Lula cobra avaliação de sigilos à CGU para evitar tom de rixa política
Lula buscou um caminho para evitar um tom de rixa política e garantir segurança jurídica ao Planalto para revogar os sigilos determinados por Bolsonaro:
- Assinou um decreto em que manda a CGU (Controladoria-Geral da União) reavaliar os sigilos de Bolsonaro em até 30 dias; se não forem justificados, a expectativa é que sejam derrubados.
Durante a campanha, o petista prometeu um "revogaço" de diversos sigilos impostos pelo antecessor, como os gastos do cartão corporativo e o processo disciplinar contra o ex-ministro da Saúde Eduardo Pazuello. Os casos ganharam popularidade ao serem referidos como "sigilos de 100 anos".
O UOL apurou que há dois motivos principais para a opção pela reavaliação em vez do "sigilaço":
- Segurança e eficiência jurídica: um decreto amplo para derrubar os sigilos poderia atingir documentos efetivamente sigilosos, que comprometeriam a administração pública;
- Evitar críticas políticas: garantir um processo visto como técnico, não como revanchismo.
O presidente foi aconselhado por advogados e interlocutores do direito —incluindo o ministro da Justiça e Segurança Pública, Flávio Dino, ex-juiz. Lula ouviu que, se os casos não fossem analisados um por um, poderia haver uma brecha para outros sigilos vigentes ou futuros serem questionados juridicamente.
A ideia de uma reavaliação era esperada e foi levada por especialistas a integrantes da transição, segundo Fernanda Campagnucci, diretora-executiva da Open Knowledge Brasil. O que chama a atenção foi o ato ter sido assinado diretamente por Lula. "O próprio controlador-geral teria autoridade para fazer essa avaliação, mas acho que vindo do presidente, é mais forte e contundente e passa uma mensagem de que é uma reorientação da prática", afirmou.
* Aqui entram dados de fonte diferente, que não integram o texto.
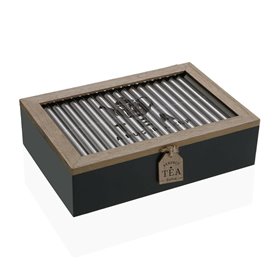 Boîte pour infusions Versa Noir Métal Bois MDF 24 x 6,5 x 16,5 cm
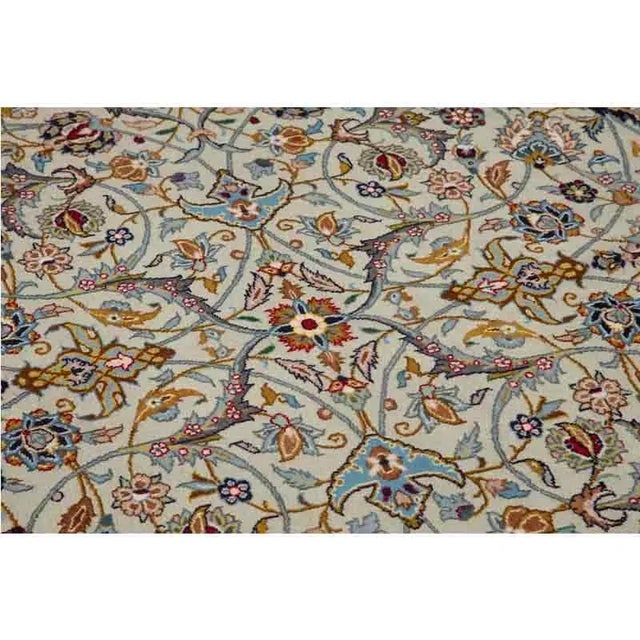 Textile 1960s Old Persian Kashan Area Rug 10’10” X 14’2″ For Sale - Image 7 of 11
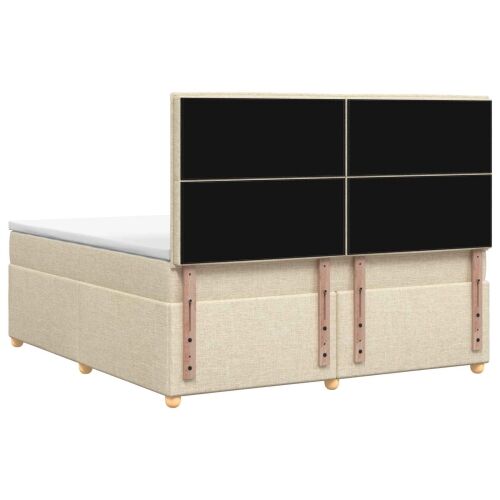 Boxspring krevet s madracem Krem 180 x 200 cm Tkanina - Krem 180 x 200 cm Dizajn s rombovima Cijena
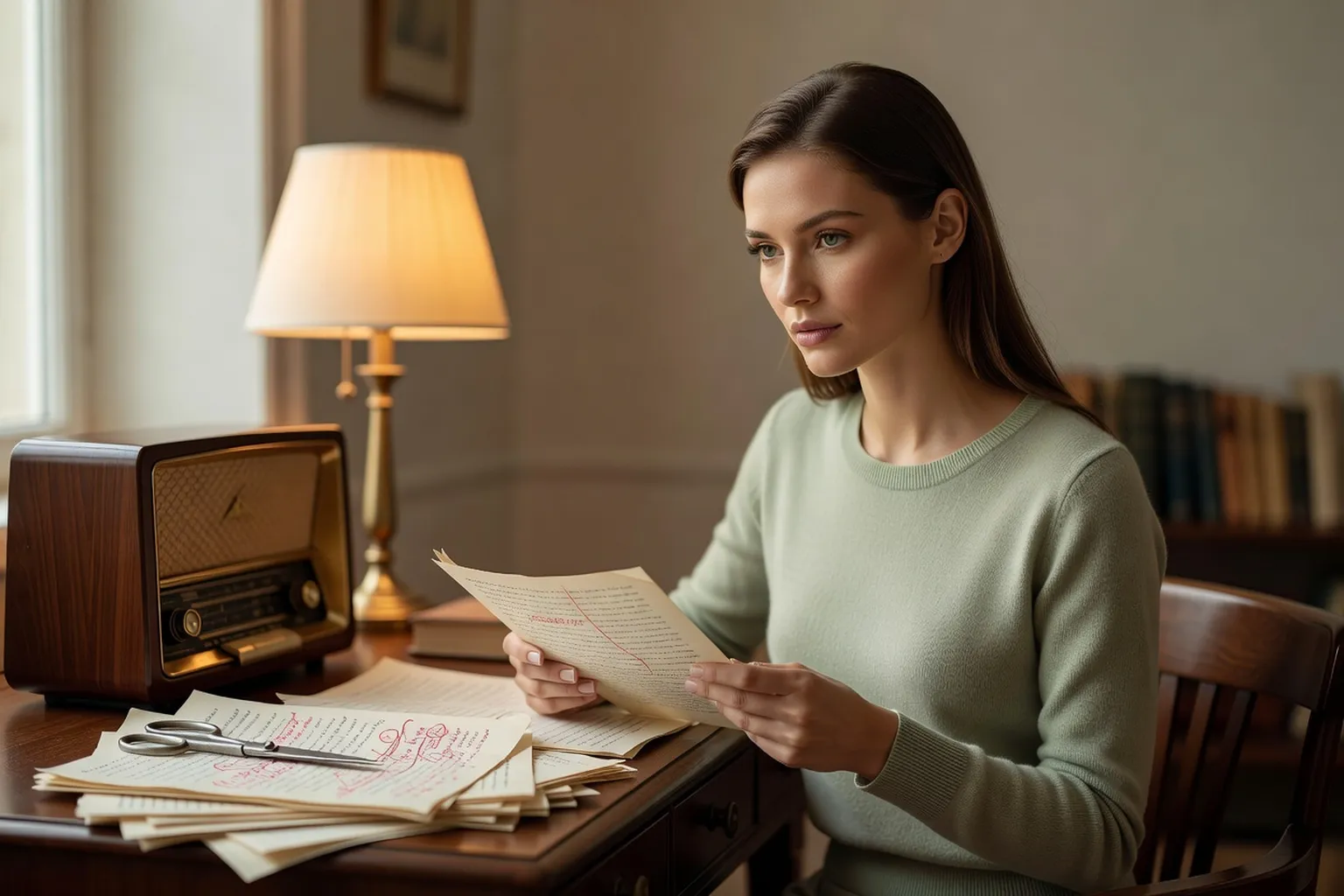 Une lectrice à sa table de travail, devant des pages de manuscrit annotées au crayon rouge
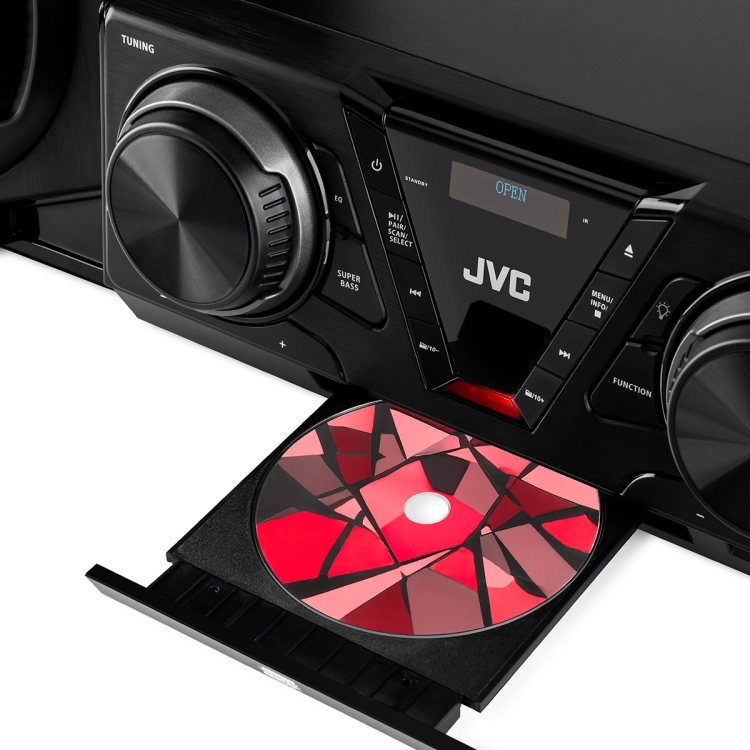 Moduł Bluetooth pozwalający na bezprzewodowe przesyłanie muzyki do mikrowieży JVC MX-E325B.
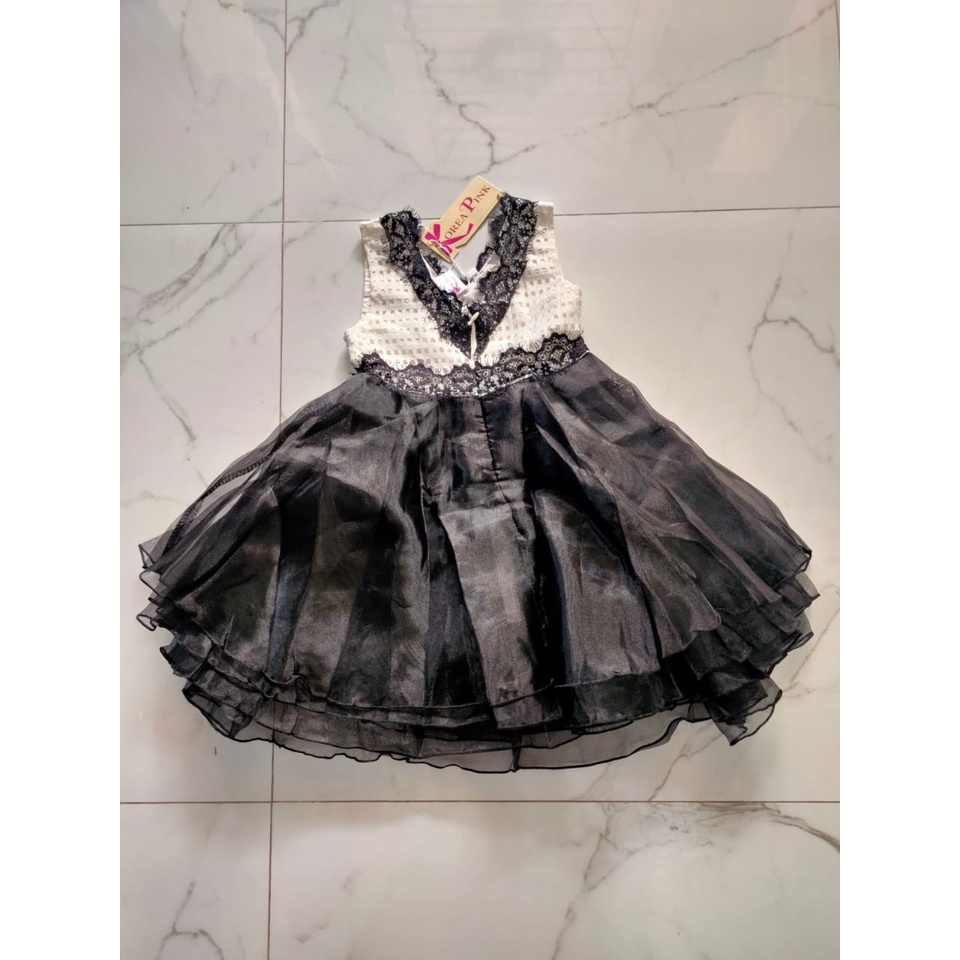 DRESS KOREA PINK PUTIH HITAM/DRESS MEWAH ANAK PEREMPUAN 2-4TAHUN TILE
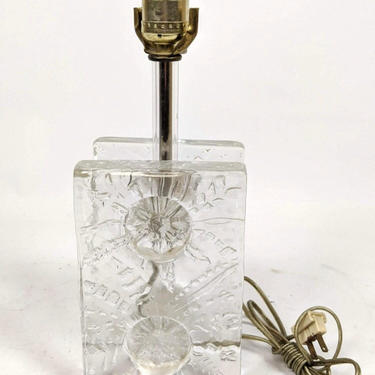 Pukeber Sweden Thick Art Glass Table Lamp 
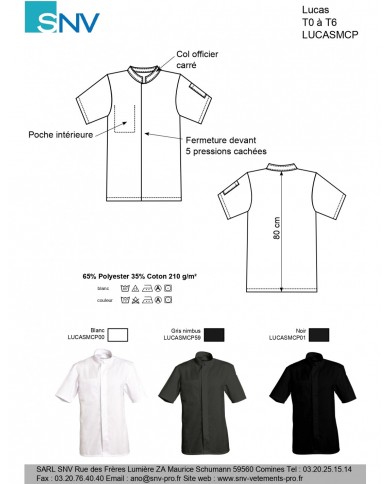 Veste de cuisine LUCAS mixte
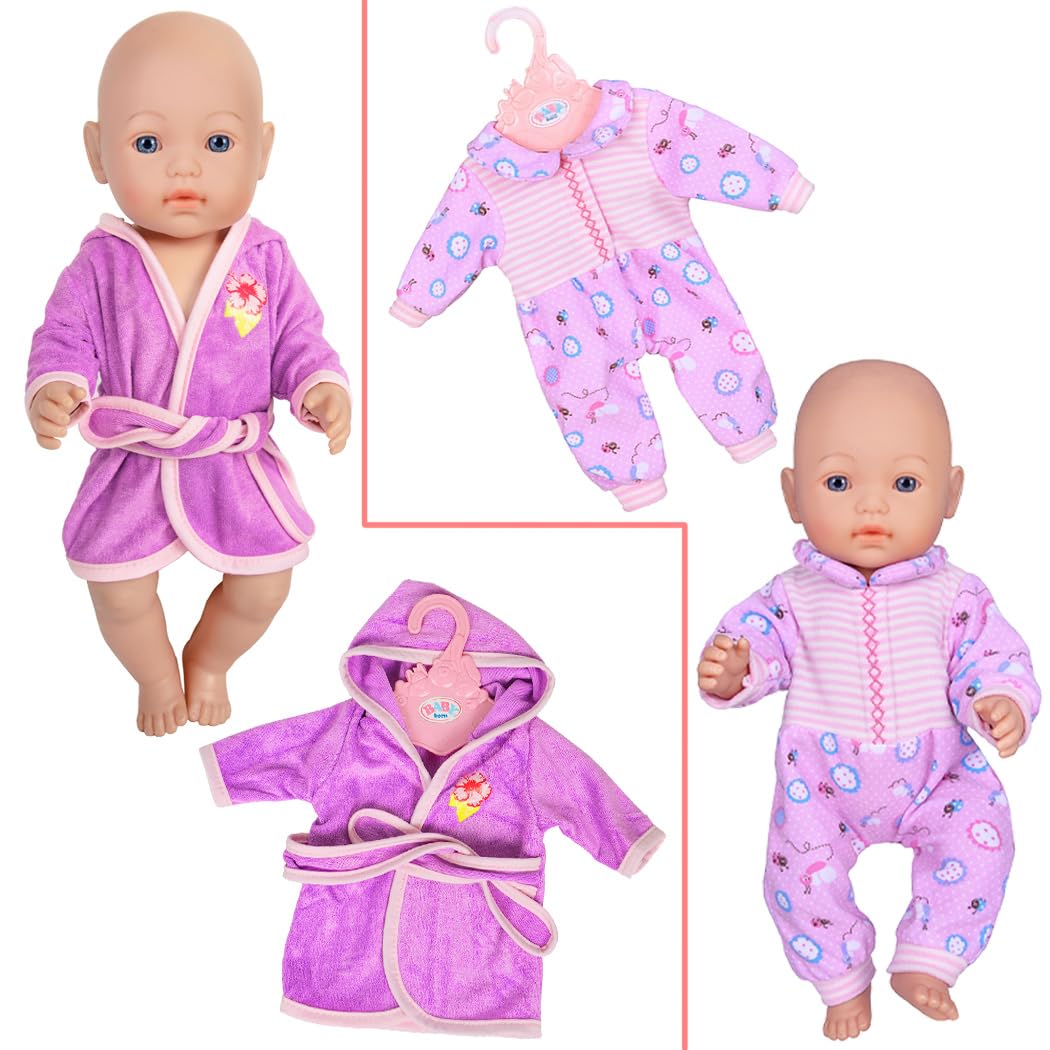 10 Sets Baby Doll Clothes for 14-16 Inch & 18 Inch Dolls (43cm) - Newborn Doll Outfits for American Girl Dolls & 15 Inch Dolls (Doll Not Included) - Perfect for Dress Up, Role Play & Collectible Display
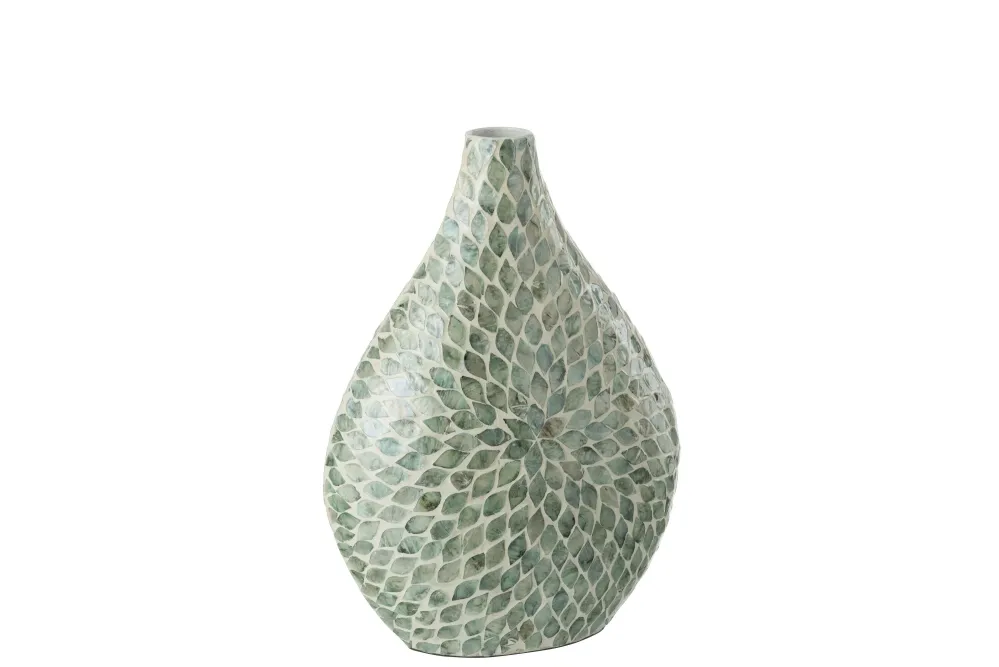 J-Line Vaas Alpha Parel Licht Blauw - 42.00 cm hoog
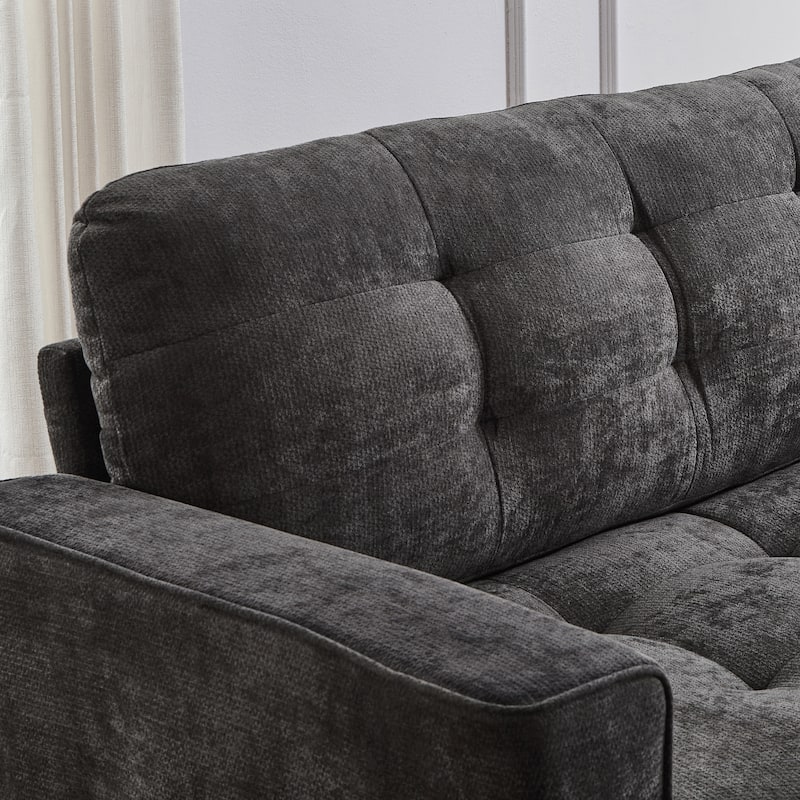 Modular U-shaped Sectional Sofa Couch with Movable Storage Ottomans, Multifunctional Console, Bluetooth Speakers and LED Lights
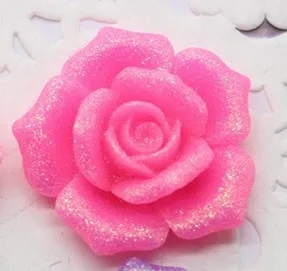 hot pink 10pcs 10 шт. смешанные цвета 26 мм Смола Роза с блестками цветок с плоской задней Кабошон DIY декоративные украшения для скрапбукинга - Цвет: hot pink 10pcs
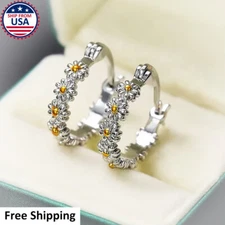 Womens Flower Sterling Silver 925 Gold Hoop Earrings Beauty Fashion Jewelry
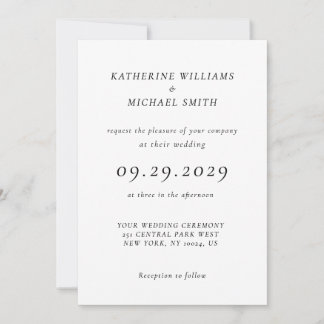 Elegant Timeless White Wedding Invitations Inbjudningar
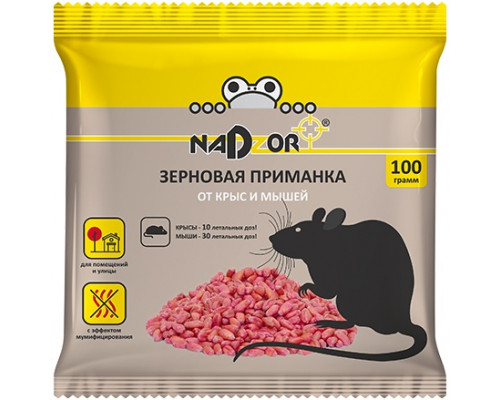 Средство от крыс и мышей Зерновая приманка, 100 гр.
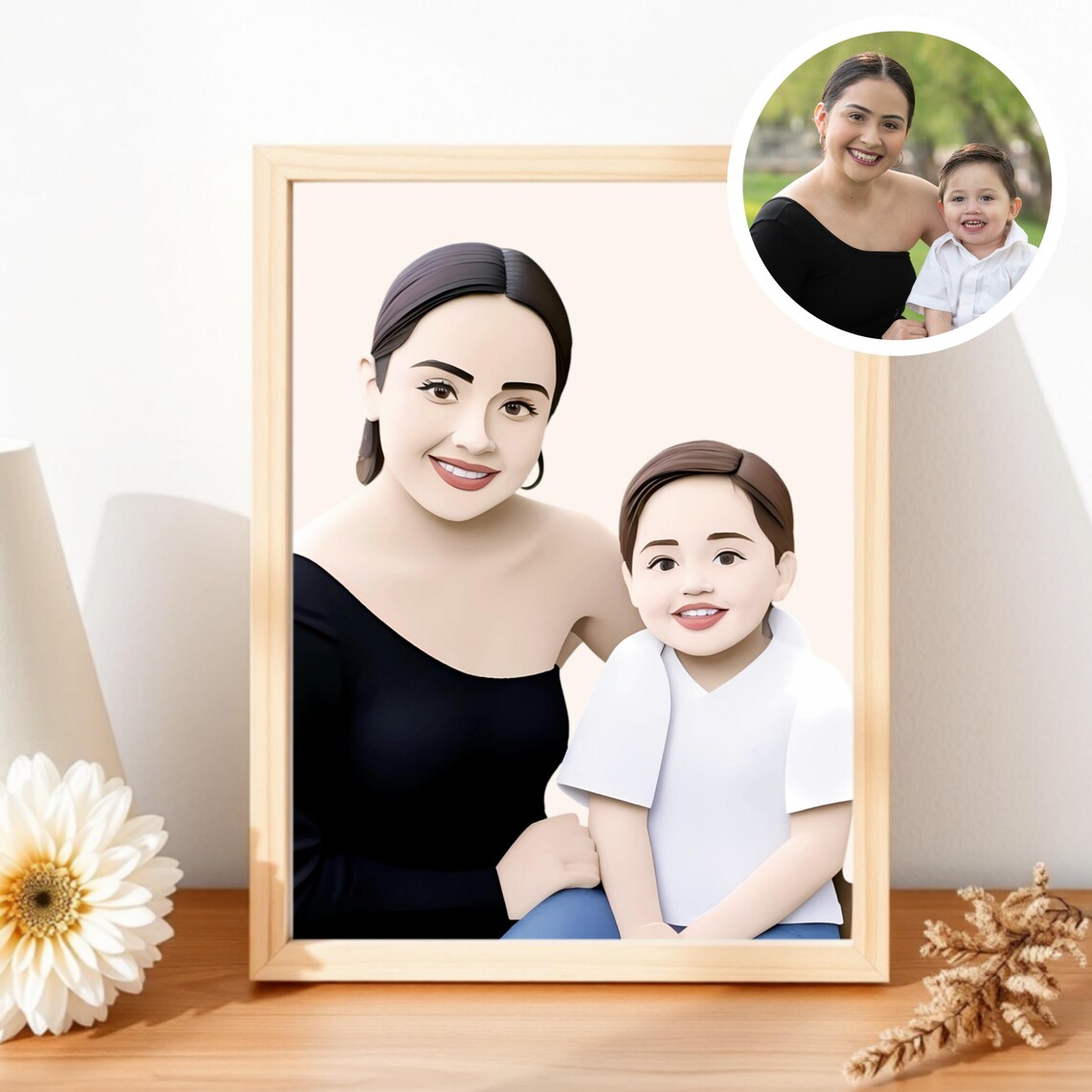 Fun Cartoon Family Of Three Custom Portrait Illustration Poster - Image 3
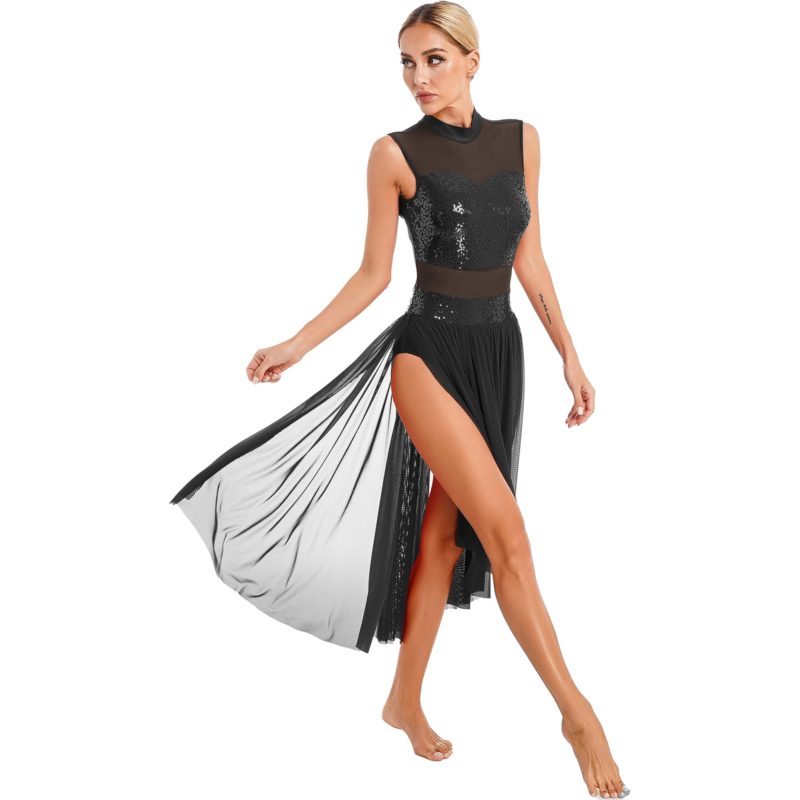 Robe de danse lyrique contemporaine, sans manches, dos nu, justaucorps en maille – Image 3
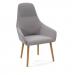 Juna fully upholstered high back lounge chair with 4 oak wooden legs - forecast grey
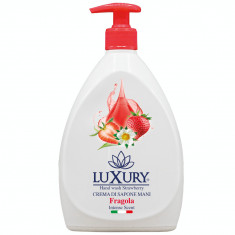 Sapun lichid cu pompita si aroma de capsuni, 750ml, Luxury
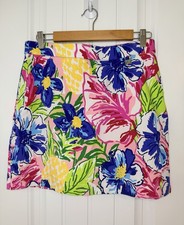 Rafaella Floral Cosmo Pink Skort Women  s M Stretch Waist Tropical Hawaiian Vacay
Ao incluir a CGU, a avaliação é dada por órgão independente e técnico.
Além disso, Lula quis evitar o tom de que estaria fazendo os atos por birra. Ao transformar o trabalho em um rito institucional, o petista quer evitar a visão de que estaria praticando um revanchismo político-pessoal.
A medida é um primeiro passo positivo, segundo especialistas em transparência. A avaliação do grupo consultado pelo UOL é que a reavaliação pode beneficiar na criação de precedentes, ao demonstrar de forma mais clara quais casos podem ou não serem postos sob sigilo.
Ao avaliar caso a caso nós conseguimos impedir que abusos sejam cometidos. Se for feito de maneira massiva, um decreto 'libera-tudo', a gente não tem essa possibilidade de ir criando esses precedentes"
Júlia Rocha, coordenadora do programa de Acesso à Informação e Transparência da ONG Artigo 19
No futuro, isso poderia beneficiar a consulta de informações do governo e evitar abusos da Lei de Acesso à Informação, estabelecendo limites de acesso a dados pessoais de integrantes do governo, por exemplo.
Os especialistas, porém, fazem ressalvas:
- É preciso haver um detalhamento claro de quais casos podem ou não ser mantidos em sigilo;
- Os resultados devem ser tornados públicos, ampliando a política de transparência ativa do governo, enfraquecida na gestão Bolsonaro;
- Casos em que o sigilo for mantido deverão ser explicados, deixando claras as razões legais para a recusa de acesso.
"O primeiro desafio é entender o tamanho do problema. Por isso seria bom a gente ver qual é exatamente o procedimento que a CGU vai adotar para essa reavaliação. Certamente um conjunto muito vasto de dados e documentos não vai dar para olhar um por um em 30 dias", diz Fabiano Angélico, pesquisador da Universidade de Lugano (Suiça) e doutorando da Escola de Administração Pública da FGV (Fundação Getúlio Vargas).